The Cultural Bridge with Deborah Stone

Image by Deborah Stone

The second of our blog posts about the Cultural Bridge project comes from photographer Deborah Stone who also travelled to Lorrach in Germany to take part in the programme.

Deborah shares her experience below ahead of the Wolverhampton exhibition launch on the 9th July at Asylum Gallery in Wolverhampton.

Can you tell us about your project theme and photographs?

My work explores Heritage, Traces and Phenomenology. With both German and English ancestry, I am interested in interpretation of tradition through places spaces and objects often reflected in a way of life. These are sometimes objects but often recorded, providing memories of what is left behind in a world changing so rapidly where remnants are no longer physical and often digital.

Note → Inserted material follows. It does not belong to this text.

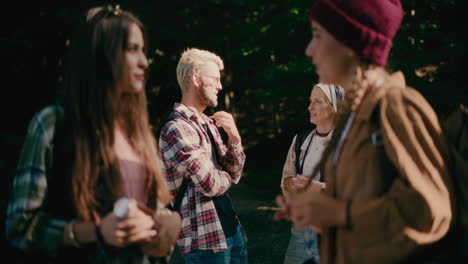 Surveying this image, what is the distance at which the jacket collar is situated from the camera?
1.73 meters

Considering the Black Country and Lorrach, I was interested in places and spaces and how our environments, though millions of miles, apart is similar and different. Composing industrial photography as I might in the Black Country or observing the day-to-day goings on – both similar and different.

What did you do during the visit to Lorrach and the exhibition?

During my time in Lorrach I explored, I photographed, I asked questions and I observed. What is it to live in a small town in Germany, what makes people proud of where they live, where they come from, their roots? What fuels pride, respect and bonding to a location? It was a town offering creativity to its community, responsibility to its teens and hope. A place you may grow up in move away form but always return to. A place where the local towns all created an atmosphere; it was not about one town but many, from Basel to Lorrach, to Schopphfhem and the Black Forrest; they came under an umbrella like Dudley, Wednesfield and Wolverhampton are all part of CBC.

It was about finding parallels and differences – and this is what my exhibition there was about – linked images of the Black Country with images I had taken there.

How did you benefit from the experience how has it influenced your practice?

I had just finished the Offsite 9 series of images which were about reflecting on a city and celebrating its history.  In doing this I considered what makes us who we are, how we read and the ideology or idiosyncrasy of what we hold onto. Trinkets and treasures of our community.

Only moving forward I focused on my personal history and family heritage.

This experience has been pivotal in my practise after a difficult personal time. I will always see it as my new beginning to find true solutions.

Why is it important as a Wolverhampton practitioner to be part to be part of opportunities like these that connect you to European programmes?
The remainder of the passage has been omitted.